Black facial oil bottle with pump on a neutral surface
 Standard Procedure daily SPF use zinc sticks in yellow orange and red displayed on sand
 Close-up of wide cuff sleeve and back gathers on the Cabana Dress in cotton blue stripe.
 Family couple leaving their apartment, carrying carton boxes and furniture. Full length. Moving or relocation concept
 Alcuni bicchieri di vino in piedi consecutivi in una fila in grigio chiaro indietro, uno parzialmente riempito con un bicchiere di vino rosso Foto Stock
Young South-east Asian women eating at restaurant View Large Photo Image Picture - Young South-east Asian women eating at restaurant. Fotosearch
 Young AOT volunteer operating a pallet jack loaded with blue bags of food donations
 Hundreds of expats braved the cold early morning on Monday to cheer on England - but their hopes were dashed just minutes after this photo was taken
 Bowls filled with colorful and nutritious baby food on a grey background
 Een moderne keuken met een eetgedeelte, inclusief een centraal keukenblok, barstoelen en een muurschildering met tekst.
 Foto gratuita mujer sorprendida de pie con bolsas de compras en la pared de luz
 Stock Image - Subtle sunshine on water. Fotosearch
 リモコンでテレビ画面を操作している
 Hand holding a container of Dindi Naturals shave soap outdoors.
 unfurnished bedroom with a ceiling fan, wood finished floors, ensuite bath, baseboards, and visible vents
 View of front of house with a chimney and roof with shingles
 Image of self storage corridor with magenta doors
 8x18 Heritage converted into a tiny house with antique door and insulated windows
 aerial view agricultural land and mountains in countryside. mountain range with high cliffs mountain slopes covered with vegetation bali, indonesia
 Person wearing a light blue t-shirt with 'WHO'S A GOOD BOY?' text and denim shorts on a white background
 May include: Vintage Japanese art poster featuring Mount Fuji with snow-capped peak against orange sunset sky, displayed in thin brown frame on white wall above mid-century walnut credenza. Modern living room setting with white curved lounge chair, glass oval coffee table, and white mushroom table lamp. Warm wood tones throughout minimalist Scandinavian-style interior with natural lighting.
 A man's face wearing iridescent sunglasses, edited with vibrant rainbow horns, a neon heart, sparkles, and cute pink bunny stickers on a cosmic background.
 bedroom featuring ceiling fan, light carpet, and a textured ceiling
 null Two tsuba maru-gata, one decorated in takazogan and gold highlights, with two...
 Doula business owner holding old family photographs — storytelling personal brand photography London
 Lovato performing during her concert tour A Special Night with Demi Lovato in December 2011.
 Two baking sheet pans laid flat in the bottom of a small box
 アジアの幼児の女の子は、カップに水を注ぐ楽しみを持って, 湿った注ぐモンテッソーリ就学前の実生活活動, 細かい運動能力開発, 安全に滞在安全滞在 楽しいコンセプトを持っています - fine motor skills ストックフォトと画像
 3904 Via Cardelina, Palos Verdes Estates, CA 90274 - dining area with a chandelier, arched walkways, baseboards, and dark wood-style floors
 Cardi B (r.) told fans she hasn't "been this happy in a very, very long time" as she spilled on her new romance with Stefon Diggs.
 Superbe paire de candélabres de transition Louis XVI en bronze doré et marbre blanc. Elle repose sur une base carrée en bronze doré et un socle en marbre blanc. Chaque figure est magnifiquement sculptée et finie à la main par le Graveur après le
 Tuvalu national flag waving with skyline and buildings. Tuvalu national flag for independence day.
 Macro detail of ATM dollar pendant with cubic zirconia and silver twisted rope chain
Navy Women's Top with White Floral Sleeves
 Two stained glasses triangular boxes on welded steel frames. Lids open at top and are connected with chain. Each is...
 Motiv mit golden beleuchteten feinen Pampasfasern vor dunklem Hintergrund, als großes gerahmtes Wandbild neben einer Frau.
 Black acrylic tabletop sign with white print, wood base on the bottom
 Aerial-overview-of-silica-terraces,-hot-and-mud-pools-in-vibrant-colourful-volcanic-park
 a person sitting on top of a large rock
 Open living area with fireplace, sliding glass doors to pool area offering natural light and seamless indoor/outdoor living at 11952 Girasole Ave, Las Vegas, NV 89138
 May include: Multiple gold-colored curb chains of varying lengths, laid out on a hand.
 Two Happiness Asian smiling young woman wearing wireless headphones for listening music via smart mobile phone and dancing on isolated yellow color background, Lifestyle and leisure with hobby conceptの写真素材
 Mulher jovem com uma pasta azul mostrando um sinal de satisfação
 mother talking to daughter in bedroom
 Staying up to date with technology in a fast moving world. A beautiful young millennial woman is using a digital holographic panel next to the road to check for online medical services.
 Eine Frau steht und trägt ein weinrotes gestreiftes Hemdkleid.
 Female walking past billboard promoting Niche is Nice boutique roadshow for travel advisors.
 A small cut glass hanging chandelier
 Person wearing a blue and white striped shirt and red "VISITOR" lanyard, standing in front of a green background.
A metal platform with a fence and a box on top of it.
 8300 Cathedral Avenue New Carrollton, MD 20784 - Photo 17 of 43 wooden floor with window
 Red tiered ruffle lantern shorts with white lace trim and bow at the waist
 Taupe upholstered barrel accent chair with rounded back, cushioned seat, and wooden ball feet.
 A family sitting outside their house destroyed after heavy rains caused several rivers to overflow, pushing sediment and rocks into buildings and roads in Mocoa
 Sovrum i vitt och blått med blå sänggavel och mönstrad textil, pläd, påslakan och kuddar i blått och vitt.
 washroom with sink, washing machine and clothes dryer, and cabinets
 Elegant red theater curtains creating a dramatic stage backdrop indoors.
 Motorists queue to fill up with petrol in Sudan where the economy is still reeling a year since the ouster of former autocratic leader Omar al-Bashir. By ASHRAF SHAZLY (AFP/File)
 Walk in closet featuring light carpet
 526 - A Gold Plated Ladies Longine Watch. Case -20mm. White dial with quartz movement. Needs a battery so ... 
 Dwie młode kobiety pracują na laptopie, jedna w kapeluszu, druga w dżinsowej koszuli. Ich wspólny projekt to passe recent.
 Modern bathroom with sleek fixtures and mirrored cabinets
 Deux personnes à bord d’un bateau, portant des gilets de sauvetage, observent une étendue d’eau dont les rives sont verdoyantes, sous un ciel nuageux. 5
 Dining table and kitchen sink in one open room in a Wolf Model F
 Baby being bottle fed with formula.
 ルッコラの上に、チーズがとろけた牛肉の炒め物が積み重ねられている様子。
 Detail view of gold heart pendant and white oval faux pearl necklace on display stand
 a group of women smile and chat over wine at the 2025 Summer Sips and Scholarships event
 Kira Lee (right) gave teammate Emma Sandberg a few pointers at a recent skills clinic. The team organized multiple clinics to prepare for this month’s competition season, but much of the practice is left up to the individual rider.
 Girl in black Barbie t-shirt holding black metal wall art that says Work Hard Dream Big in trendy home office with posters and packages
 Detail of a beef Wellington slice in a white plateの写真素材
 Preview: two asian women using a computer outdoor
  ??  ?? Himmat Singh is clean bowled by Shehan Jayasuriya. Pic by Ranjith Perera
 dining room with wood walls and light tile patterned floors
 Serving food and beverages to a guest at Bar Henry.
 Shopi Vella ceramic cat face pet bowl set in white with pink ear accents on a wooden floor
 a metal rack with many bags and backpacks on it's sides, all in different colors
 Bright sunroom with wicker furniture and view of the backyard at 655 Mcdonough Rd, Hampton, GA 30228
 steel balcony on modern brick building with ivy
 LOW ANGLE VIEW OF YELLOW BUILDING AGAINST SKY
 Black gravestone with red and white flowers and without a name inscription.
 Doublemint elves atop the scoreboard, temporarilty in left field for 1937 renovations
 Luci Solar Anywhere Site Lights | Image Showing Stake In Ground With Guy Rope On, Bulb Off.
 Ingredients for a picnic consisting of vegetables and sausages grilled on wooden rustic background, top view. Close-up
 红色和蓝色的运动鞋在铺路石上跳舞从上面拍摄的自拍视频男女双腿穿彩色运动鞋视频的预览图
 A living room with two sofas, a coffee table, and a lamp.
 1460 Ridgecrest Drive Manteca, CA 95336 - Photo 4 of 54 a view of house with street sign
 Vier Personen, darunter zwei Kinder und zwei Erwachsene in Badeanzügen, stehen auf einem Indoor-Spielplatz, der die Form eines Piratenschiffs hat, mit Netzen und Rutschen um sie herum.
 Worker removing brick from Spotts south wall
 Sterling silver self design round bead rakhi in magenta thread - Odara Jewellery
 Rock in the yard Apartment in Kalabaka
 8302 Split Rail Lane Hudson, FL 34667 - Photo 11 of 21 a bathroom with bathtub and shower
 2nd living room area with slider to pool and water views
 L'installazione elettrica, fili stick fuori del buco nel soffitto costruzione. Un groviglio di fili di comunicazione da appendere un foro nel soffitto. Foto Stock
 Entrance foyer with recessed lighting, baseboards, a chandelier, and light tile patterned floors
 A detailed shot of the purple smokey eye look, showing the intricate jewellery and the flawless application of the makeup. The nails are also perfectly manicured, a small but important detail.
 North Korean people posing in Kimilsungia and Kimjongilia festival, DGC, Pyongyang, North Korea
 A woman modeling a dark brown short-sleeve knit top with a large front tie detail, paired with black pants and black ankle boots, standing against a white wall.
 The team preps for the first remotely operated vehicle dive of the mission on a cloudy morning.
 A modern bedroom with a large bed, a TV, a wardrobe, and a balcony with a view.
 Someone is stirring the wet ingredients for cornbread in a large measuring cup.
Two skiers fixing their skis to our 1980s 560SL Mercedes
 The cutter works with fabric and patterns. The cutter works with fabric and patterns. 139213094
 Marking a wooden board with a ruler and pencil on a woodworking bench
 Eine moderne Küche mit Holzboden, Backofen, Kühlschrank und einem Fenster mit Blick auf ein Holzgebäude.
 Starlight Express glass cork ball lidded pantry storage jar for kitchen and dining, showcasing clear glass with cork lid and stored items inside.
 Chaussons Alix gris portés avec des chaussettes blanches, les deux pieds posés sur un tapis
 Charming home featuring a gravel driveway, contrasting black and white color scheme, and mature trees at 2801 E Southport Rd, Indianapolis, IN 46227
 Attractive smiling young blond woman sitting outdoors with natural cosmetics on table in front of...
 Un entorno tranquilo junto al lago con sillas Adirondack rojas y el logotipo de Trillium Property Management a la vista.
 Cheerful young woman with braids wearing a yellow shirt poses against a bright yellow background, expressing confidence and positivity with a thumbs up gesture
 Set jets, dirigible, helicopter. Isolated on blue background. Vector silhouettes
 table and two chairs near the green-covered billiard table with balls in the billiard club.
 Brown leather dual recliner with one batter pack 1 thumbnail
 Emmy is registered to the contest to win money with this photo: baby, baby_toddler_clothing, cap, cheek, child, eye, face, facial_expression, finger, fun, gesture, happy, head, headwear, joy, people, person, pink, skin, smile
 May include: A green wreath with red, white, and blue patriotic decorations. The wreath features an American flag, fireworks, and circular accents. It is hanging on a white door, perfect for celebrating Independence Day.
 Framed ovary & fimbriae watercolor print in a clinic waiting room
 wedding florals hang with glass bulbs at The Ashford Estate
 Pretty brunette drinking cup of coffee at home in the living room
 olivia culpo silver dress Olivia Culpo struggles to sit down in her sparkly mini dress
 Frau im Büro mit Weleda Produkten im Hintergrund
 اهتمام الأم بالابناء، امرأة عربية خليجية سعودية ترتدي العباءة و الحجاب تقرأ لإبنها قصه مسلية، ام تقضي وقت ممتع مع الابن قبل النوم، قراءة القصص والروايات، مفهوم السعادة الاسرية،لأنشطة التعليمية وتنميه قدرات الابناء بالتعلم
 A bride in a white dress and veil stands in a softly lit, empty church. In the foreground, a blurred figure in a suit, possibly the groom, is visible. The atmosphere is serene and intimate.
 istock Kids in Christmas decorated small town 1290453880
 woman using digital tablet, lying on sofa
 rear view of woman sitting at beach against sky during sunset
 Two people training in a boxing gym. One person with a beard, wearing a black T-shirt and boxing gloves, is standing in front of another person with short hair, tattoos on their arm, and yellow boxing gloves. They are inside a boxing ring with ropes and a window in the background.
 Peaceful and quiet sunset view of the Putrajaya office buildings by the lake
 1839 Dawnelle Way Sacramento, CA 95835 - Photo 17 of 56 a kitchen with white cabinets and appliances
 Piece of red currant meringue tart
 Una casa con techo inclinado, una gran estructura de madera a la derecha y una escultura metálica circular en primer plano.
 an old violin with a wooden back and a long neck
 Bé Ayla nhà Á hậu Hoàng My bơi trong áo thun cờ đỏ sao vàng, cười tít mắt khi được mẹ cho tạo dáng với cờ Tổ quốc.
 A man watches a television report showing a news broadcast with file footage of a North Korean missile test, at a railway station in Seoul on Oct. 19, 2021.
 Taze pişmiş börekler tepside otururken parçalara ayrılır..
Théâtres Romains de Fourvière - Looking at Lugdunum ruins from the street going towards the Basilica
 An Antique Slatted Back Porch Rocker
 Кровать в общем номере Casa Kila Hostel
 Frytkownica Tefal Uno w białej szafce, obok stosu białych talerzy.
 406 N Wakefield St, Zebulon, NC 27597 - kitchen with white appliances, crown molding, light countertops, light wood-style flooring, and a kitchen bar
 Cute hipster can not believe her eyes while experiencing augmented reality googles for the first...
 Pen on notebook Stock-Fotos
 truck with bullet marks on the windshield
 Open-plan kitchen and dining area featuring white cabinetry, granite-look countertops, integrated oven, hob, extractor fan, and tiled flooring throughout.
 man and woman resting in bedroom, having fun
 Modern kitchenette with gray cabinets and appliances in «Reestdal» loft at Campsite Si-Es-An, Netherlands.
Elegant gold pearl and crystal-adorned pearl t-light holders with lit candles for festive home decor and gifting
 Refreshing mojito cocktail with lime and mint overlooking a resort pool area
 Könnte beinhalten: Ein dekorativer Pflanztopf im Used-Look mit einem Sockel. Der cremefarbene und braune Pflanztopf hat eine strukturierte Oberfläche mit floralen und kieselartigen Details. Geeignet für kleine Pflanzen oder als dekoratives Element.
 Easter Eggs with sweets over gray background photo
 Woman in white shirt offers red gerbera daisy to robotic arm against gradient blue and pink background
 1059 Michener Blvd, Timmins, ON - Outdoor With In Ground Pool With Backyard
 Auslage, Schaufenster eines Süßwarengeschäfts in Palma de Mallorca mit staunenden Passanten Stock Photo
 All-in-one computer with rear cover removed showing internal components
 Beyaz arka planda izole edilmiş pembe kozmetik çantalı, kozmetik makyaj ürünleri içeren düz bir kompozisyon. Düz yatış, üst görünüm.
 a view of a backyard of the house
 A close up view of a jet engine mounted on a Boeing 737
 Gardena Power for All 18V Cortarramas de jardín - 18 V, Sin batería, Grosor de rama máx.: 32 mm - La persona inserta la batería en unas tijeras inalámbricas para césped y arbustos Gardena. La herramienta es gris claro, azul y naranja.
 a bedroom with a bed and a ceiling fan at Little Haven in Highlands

——————————

Tally the lines in the listing that contain the string "from", then report that tally alone.

2